Privacy watchdogs at the Electronic Frontier Foundation argue that while e-reader
technologies are a hot item for the 2009 holiday season, the services and
devices that let readers access and view digital books threaten consumers'
privacy.
Ed Bayley, an adjunct attorney for the EFF, in a blog post Dec. 21 said
e-readers collect "substantial information about their users' reading
habits and locations" and report back to the companies that build or sell
these technologies. To educate users, the EFF created a Buyer's Guide to
E-Book Privacy to shed some light on what information existing e-readers "reserve
the right to collect and share."
The Google Book Search project is Google's broad effort to scan
out-of-print books and offer them to users online for fees. The project is on
hold while the search engine and the New York District Court hash out a
renegotiation, and won't be finalized until 2010.
However, the current privacy
policy for the service allows Google to automatically log each book and
page a user of the service searched for and read and how long a reader viewed
it for, as well as information about subsequent books a reader searches for.

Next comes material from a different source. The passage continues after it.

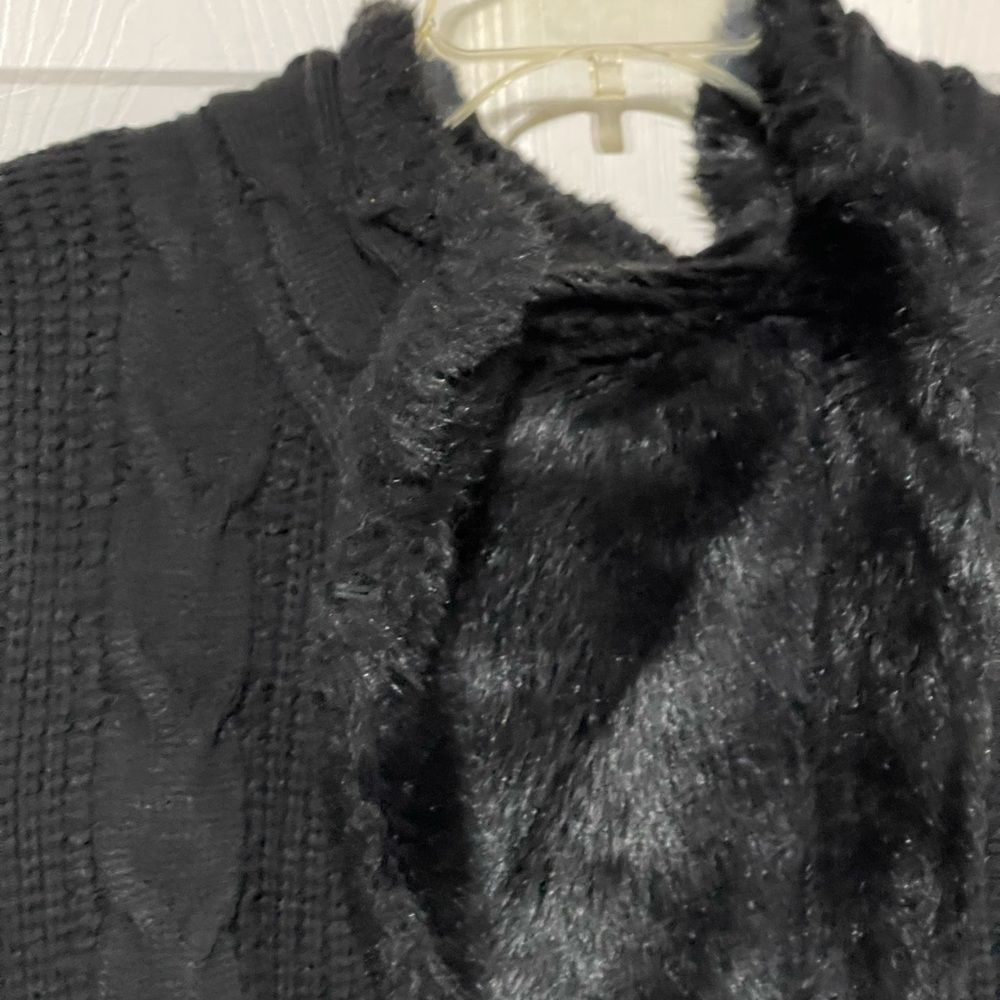 Vest - Picture 5 of 7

Google Web History also tracks what books users purchased.
The EFF pointed out that this practice is consistent with the way Google
logs user information for its core Web search offering, including "query
term ... [IP] address, browser type, browser language, the date and time of your
request and one or more cookies that may uniquely identify your browser," it
quoted Google's privacy policy as saying. So users who are comfortable with
this practice may not have an issue with Google Book Search.
Bayley also noted in the Buyer's Guide that information on Google Book
Search users is available to the Book Rights Registry, a not-for-profit group
that represents book rights holders, and third-party service providers. Google
denied this in a statement sent to eWEEK.
"We will never share individual users' information at all unless the
user tells us to, or in some very unusual circumstances that are spelled out in
the Privacy Policy, like emergencies or when we receive valid legal process. The
Book Rights Registry created under the settlement won't have access to users'
personal information, either," the Google statement said.